EXERCISE DESCRIPTION:
Would you repeat all of the records underneath, exactly as written?

RECORDS FOR PROCESSING:
----
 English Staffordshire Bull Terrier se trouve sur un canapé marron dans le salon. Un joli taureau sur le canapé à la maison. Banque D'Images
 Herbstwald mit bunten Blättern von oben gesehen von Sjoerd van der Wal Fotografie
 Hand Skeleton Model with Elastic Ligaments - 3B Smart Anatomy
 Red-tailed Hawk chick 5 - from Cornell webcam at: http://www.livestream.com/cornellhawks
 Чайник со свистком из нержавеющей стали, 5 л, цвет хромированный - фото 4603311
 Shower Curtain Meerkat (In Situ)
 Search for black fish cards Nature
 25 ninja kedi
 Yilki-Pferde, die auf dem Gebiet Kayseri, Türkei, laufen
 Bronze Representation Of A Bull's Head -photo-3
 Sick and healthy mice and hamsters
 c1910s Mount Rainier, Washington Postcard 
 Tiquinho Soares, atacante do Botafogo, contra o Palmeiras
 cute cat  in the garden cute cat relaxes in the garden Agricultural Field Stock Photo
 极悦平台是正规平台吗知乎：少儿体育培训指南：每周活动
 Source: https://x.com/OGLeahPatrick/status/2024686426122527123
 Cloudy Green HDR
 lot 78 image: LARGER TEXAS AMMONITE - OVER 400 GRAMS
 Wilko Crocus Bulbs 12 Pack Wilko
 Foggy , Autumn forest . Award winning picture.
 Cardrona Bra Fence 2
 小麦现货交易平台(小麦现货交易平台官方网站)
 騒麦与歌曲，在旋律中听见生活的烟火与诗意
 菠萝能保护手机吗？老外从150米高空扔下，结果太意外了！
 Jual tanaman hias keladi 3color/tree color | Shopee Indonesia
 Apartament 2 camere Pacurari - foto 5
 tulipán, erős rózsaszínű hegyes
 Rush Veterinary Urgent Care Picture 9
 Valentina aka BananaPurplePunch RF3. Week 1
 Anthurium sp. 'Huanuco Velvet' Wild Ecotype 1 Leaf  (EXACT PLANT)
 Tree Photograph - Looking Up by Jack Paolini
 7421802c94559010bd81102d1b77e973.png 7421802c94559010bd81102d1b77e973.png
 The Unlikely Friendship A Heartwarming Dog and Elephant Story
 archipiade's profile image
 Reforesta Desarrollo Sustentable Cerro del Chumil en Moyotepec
----
EXPECTED ANSWER:
 English Staffordshire Bull Terrier se trouve sur un canapé marron dans le salon. Un joli taureau sur le canapé à la maison. Banque D'Images
 Herbstwald mit bunten Blättern von oben gesehen von Sjoerd van der Wal Fotografie
 Hand Skeleton Model with Elastic Ligaments - 3B Smart Anatomy
 Red-tailed Hawk chick 5 - from Cornell webcam at: http://www.livestream.com/cornellhawks
 Чайник со свистком из нержавеющей стали, 5 л, цвет хромированный - фото 4603311
 Shower Curtain Meerkat (In Situ)
 Search for black fish cards Nature
 25 ninja kedi
 Yilki-Pferde, die auf dem Gebiet Kayseri, Türkei, laufen
 Bronze Representation Of A Bull's Head -photo-3
 Sick and healthy mice and hamsters
 c1910s Mount Rainier, Washington Postcard 
 Tiquinho Soares, atacante do Botafogo, contra o Palmeiras
 cute cat  in the garden cute cat relaxes in the garden Agricultural Field Stock Photo
 极悦平台是正规平台吗知乎：少儿体育培训指南：每周活动
 Source: https://x.com/OGLeahPatrick/status/2024686426122527123
 Cloudy Green HDR
 lot 78 image: LARGER TEXAS AMMONITE - OVER 400 GRAMS
 Wilko Crocus Bulbs 12 Pack Wilko
 Foggy , Autumn forest . Award winning picture.
 Cardrona Bra Fence 2
 小麦现货交易平台(小麦现货交易平台官方网站)
 騒麦与歌曲，在旋律中听见生活的烟火与诗意
 菠萝能保护手机吗？老外从150米高空扔下，结果太意外了！
 Jual tanaman hias keladi 3color/tree color | Shopee Indonesia
 Apartament 2 camere Pacurari - foto 5
 tulipán, erős rózsaszínű hegyes
 Rush Veterinary Urgent Care Picture 9
 Valentina aka BananaPurplePunch RF3. Week 1
 Anthurium sp. 'Huanuco Velvet' Wild Ecotype 1 Leaf  (EXACT PLANT)
 Tree Photograph - Looking Up by Jack Paolini
 7421802c94559010bd81102d1b77e973.png 7421802c94559010bd81102d1b77e973.png
 The Unlikely Friendship A Heartwarming Dog and Elephant Story
 archipiade's profile image
 Reforesta Desarrollo Sustentable Cerro del Chumil en Moyotepec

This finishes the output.